We arrive at a small hotel to meet Summit. He is huddled under a big blanket fully clothed. Our rooms are freezing, ‘forget sleep’ I am told, ‘we need to get to the temple as there is free food. Now I love free food, it always tastes better so I am in, in favour of this plan rather than sleeping in a room which resembles a fridge. It is a basic room, no shampoo or toilet paper and apparently no heating. I am told this is normal in Hotels close to the Temple. We hurry outside into the busy street of bikes and street sellers. I still cannot see a Temple.
“You need to cover your head,” the boys think it is funny as I buy something bright orange. it looks like a cooks hat, I want to be respectful and I am convinced, it is an extra piece of clothing. I have given up worrying about what I look like. I have had no sleep and I am still freezing. but we are in Punjab. I am already loving the brightly coloured turbans perched on every other head. Running behind two excited Indians we arrive at the entrance of the temple, where we leave the dusty street behind. I am praying it is warm in there.
Why is there always suffering where there is worshipping. I am respectful of other peoples religions, I have even walked the Camino de Santiago and walked up hills in heat to visit churches, I get it, I really do. Nitin could have asked me to walk on hot coals. ‘No take your shoes off and walk on the ice-cold ground. I look around, everyone is barefoot and they are not complaining. Of course, I should have known I would be asked to take off my shoes, it is custom here, but can’t I just leave my socks on. “No! take off your socks” I am instructed. I’m not feeling very divine, I cannot feel my toes and I get arthritis when my feet get cold.
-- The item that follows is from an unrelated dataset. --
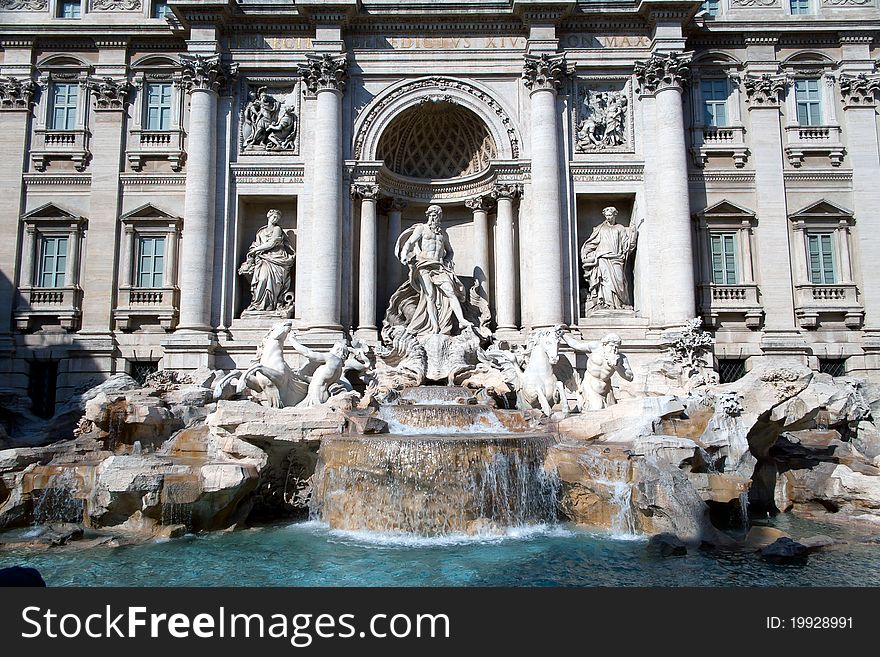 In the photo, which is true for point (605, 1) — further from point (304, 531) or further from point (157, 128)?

As we walk towards the Temple, a ‘Golden Beauty’ which appears to float on a bed of holy water. I am in awe and my feet have lost all feeling. There are people dipping themselves in the water, that is devotion 100% I seem to be the only white person, but I feel I can belong here as much as anyone. It is a holy place and everyone is welcome. We queue on a walkway over the water towards the Temple. A Man and his Wife talk to me as we wait to enter. She excitedly tells me this is the holiest place in the world. Once inside I welcome the warmth of the carpet under my feet. It was bliss. We move slowly with the other people. It is magical.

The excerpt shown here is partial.